═════ Given data ═════

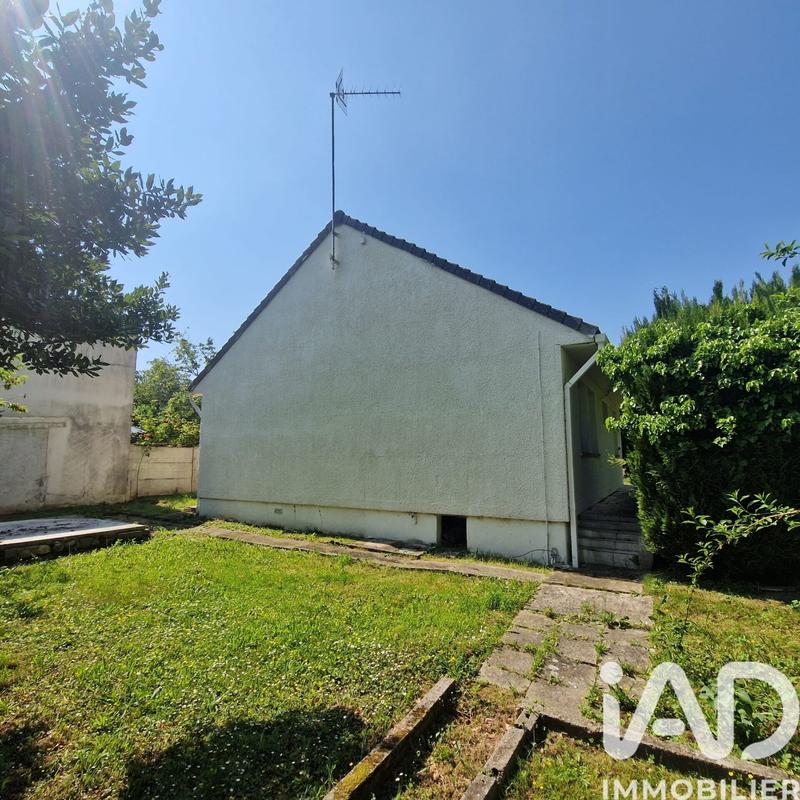 Maison - 90 m² - 5 pièces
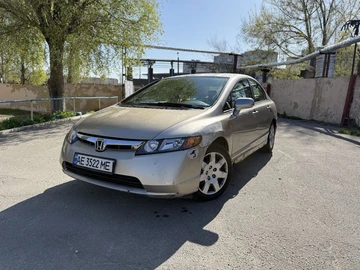 Авто Honda Civic 2005 № 8704452
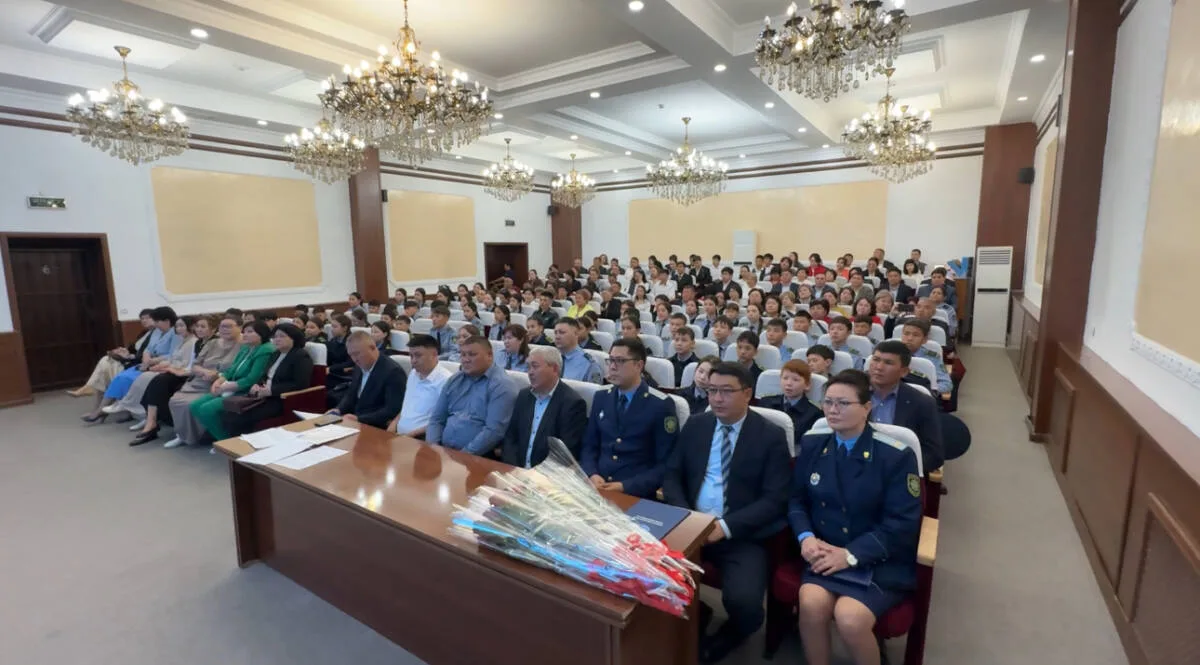Начальник департамента полиции Жетісу Сарқытбай Құсаинов выступает на форуме по безопасности детей в Талдыкоргане.
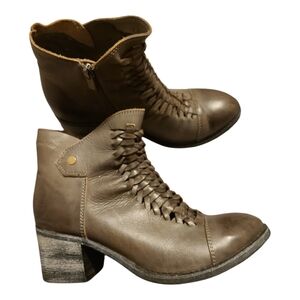 Antelope Ankle Booties Sz 38 / 8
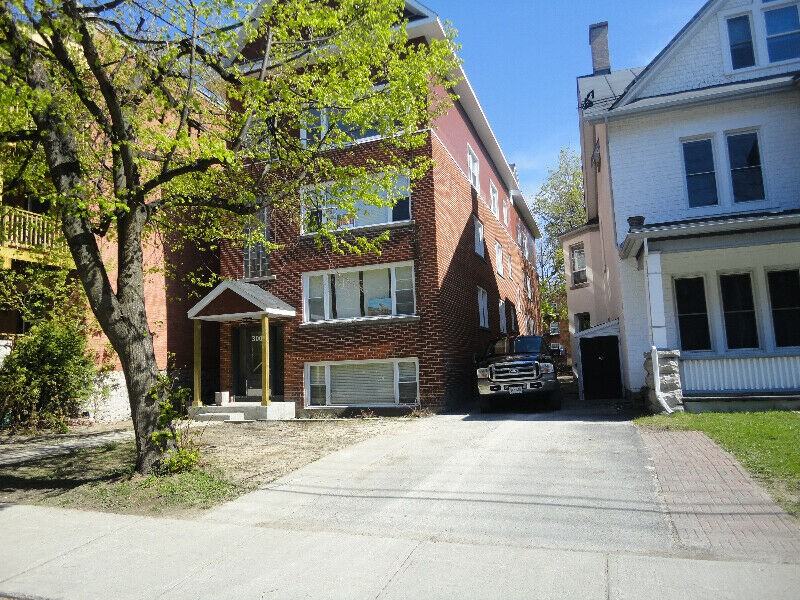 300 1/2 Rue Wilbrod Street #9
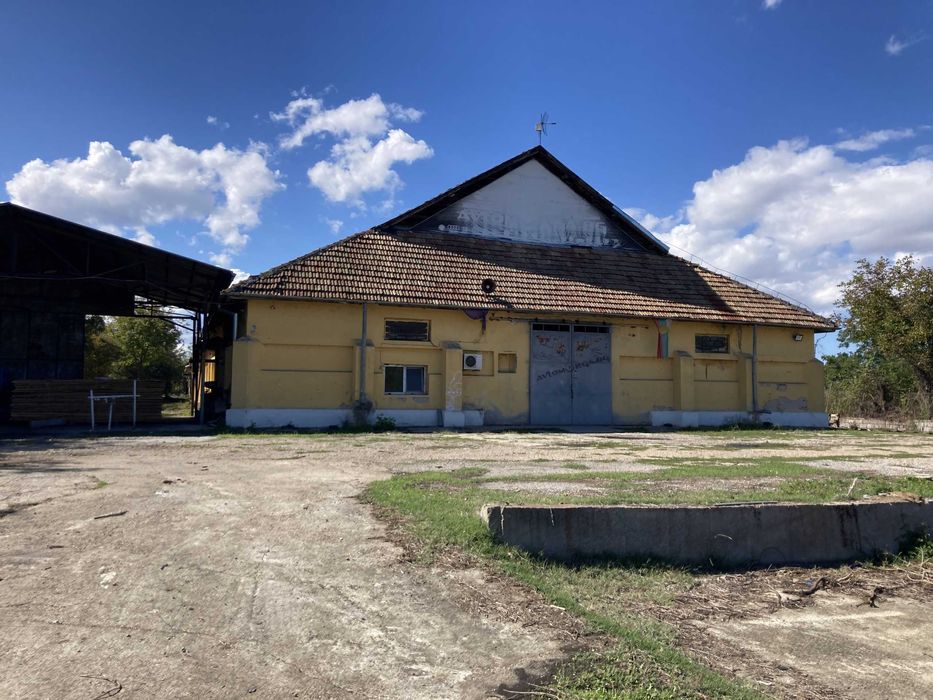 Склад/Зърнобаза в Горна Оряховица до захарни заводи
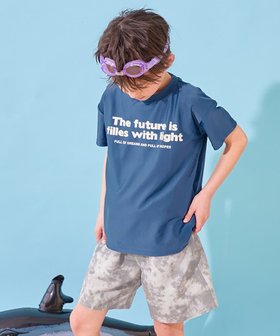 【デビロック/devirock / KIDS】のUVカット プリント半袖ラッシュガード 総柄サーフパンツ セットアップ水着 26SS 大人の最旬トレンドファッション＆コーディネート founy(ファウニー) ファッション Fashion キッズファッション Fashion for Kids ストレッチ Stretch, Stretchy Fabric セットアップ Set-Up, Coordinated Outfit なめらか Smooth, Silky Texture フィット Fit, Slim Fit プリント Print, Printed Pattern 半袖 Short Sleeve, Half Sleeve 水着 Swimsuit, Swimwear 2026年 2026 2026春夏・S/S Spring/Summer 2026 SS26 |ID:prp329100004961120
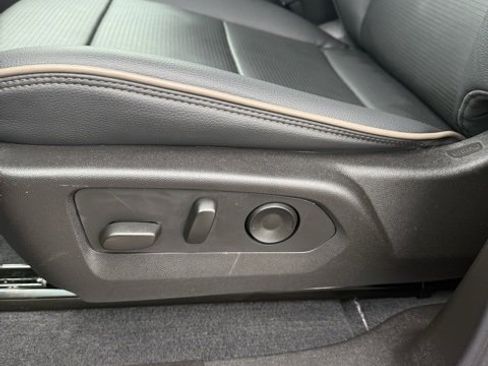 Used 2025 GMC Canyon Denali image 16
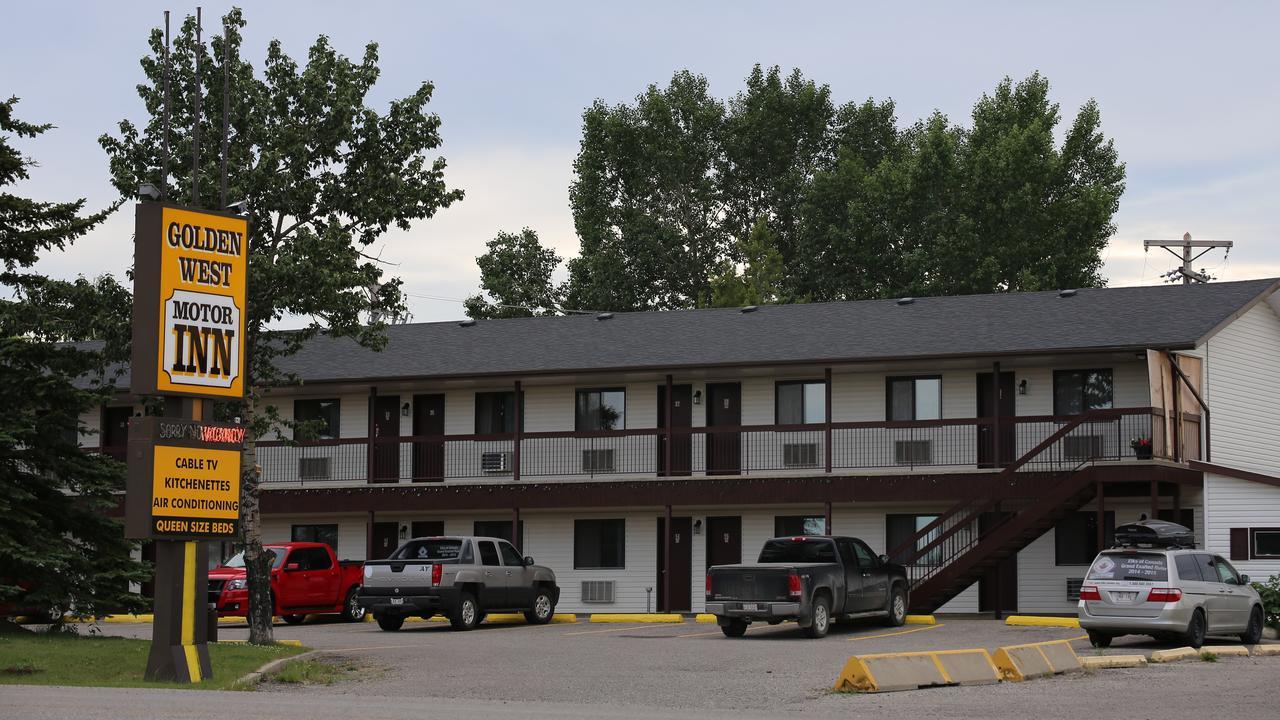Golden West Motor Inn Carstairs 외부 사진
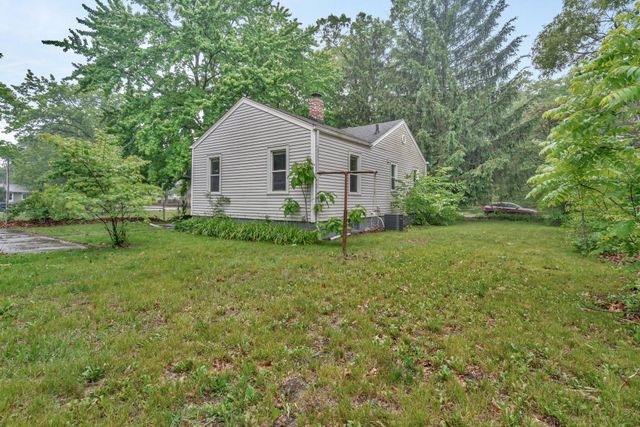 2477 Union Street, Lake Station, IN 46405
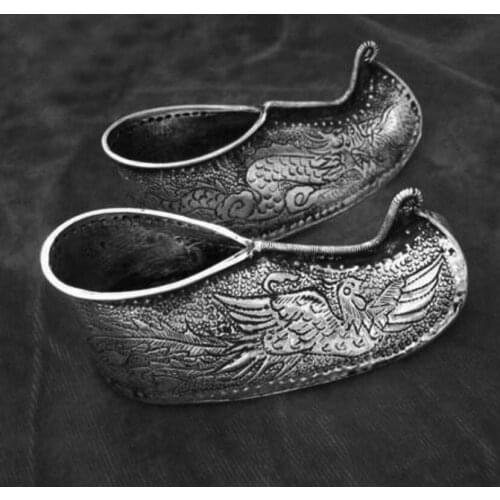 Hot sell new - free shipping Miao silver traditional dragon Alice shoes head evil town house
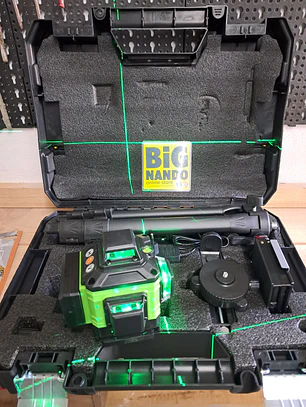 Nível lazer autonivelante, 2 batarias, comando + mala transporte plástico. 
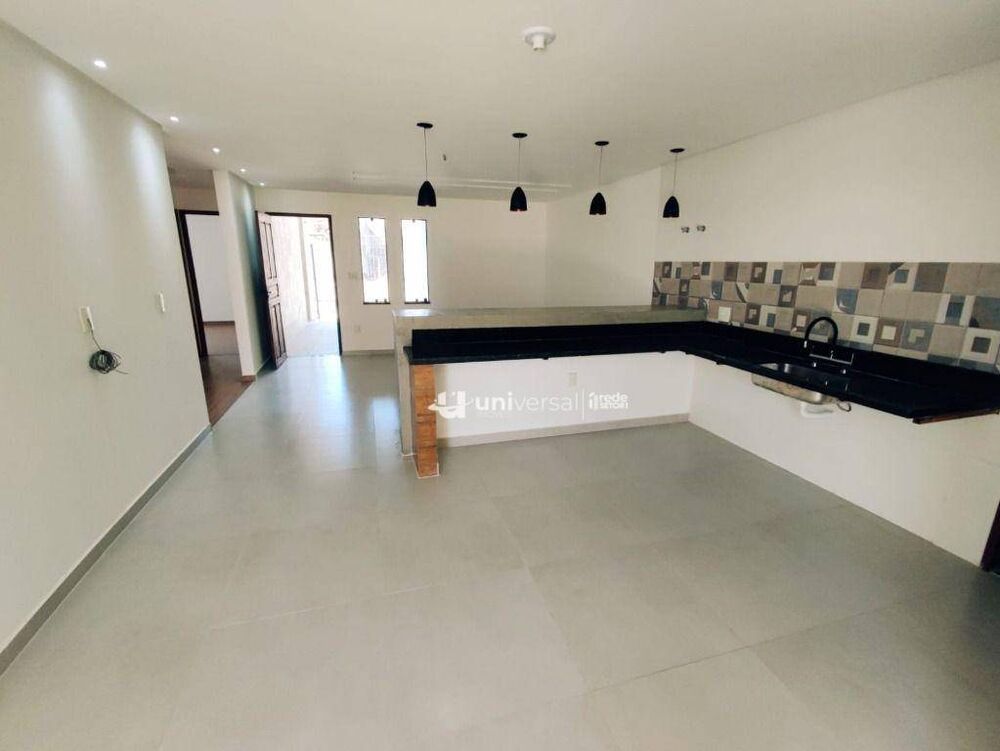Casa, 3 quartos, 295 m² - Foto 2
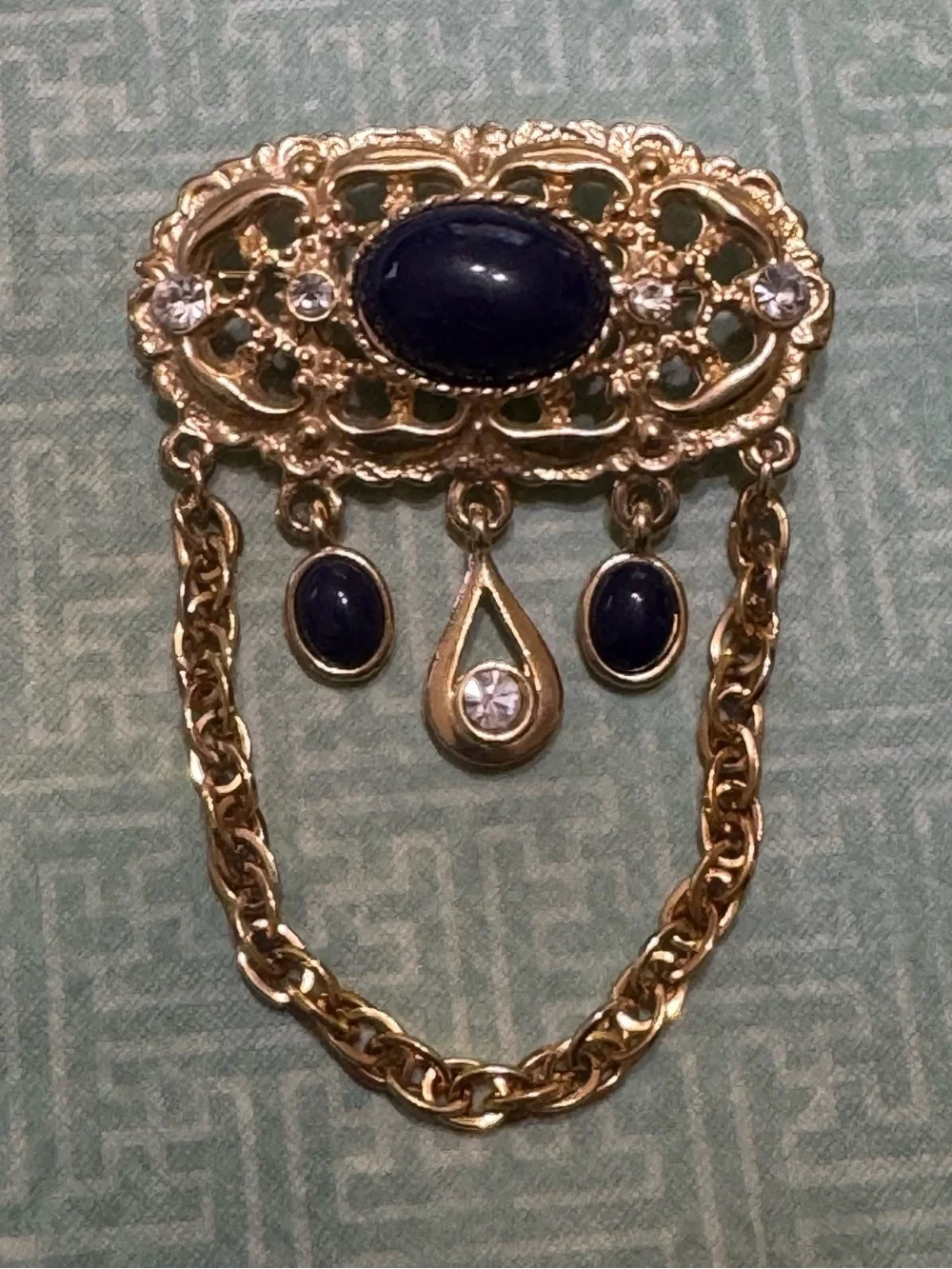 RETRO GOLD TONE BROOCH WITH CABOCHONS AND CHAIN
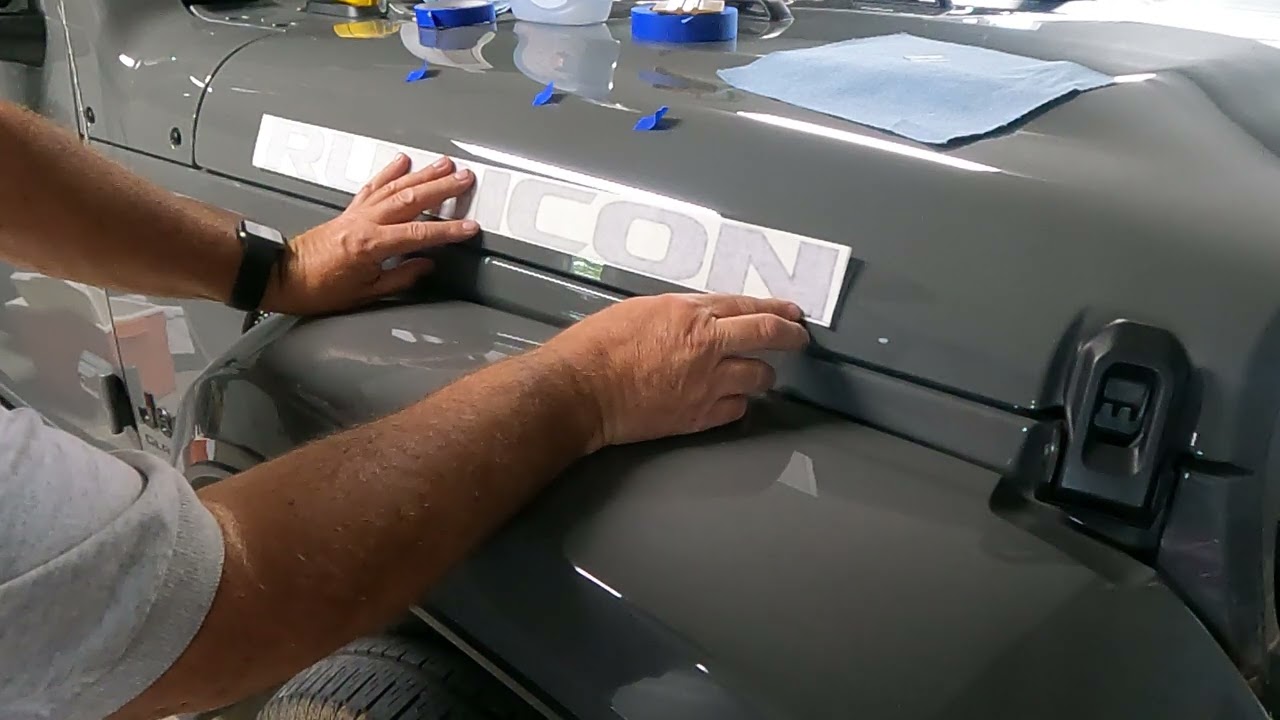 Part 1 HOOD DECAL INSTALLATION WET APPLICATION JEEP GLADIATOR #sticker  #vinyl #jt  #jl #wrangler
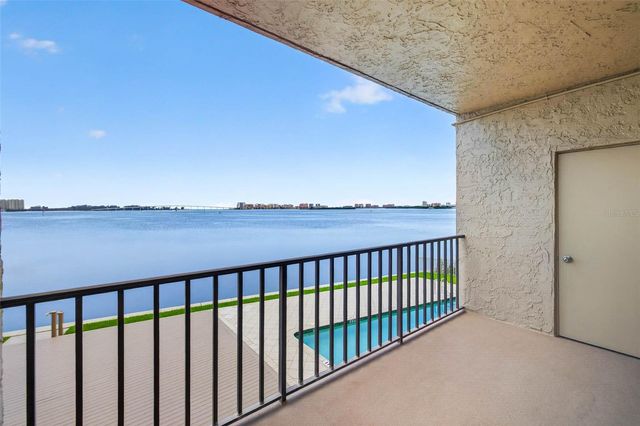 602 LIME AVENUE 101, Clearwater, FL 33756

═════

* Aim of the exercise:
Without including any pictures, repeat the records above exactly.

* Result of the exercise:
 Maison - 90 m² - 5 pièces
 Авто Honda Civic 2005 № 8704452
Начальник департамента полиции Жетісу Сарқытбай Құсаинов выступает на форуме по безопасности детей в Талдыкоргане.
 Antelope Ankle Booties Sz 38 / 8
 300 1/2 Rue Wilbrod Street #9
 Склад/Зърнобаза в Горна Оряховица до захарни заводи
 【デビロック/devirock / KIDS】のUVカット プリント半袖ラッシュガード 総柄サーフパンツ セットアップ水着 26SS 大人の最旬トレンドファッション＆コーディネート founy(ファウニー) ファッション Fashion キッズファッション Fashion for Kids ストレッチ Stretch, Stretchy Fabric セットアップ Set-Up, Coordinated Outfit なめらか Smooth, Silky Texture フィット Fit, Slim Fit プリント Print, Printed Pattern 半袖 Short Sleeve, Half Sleeve 水着 Swimsuit, Swimwear 2026年 2026 2026春夏・S/S Spring/Summer 2026 SS26 |ID:prp329100004961120
 Used 2025 GMC Canyon Denali image 16
Golden West Motor Inn Carstairs 외부 사진
 2477 Union Street, Lake Station, IN 46405
 Hot sell new - free shipping Miao silver traditional dragon Alice shoes head evil town house
 Nível lazer autonivelante, 2 batarias, comando + mala transporte plástico. 
Casa, 3 quartos, 295 m² - Foto 2
 RETRO GOLD TONE BROOCH WITH CABOCHONS AND CHAIN
 Part 1 HOOD DECAL INSTALLATION WET APPLICATION JEEP GLADIATOR #sticker  #vinyl #jt  #jl #wrangler
 602 LIME AVENUE 101, Clearwater, FL 33756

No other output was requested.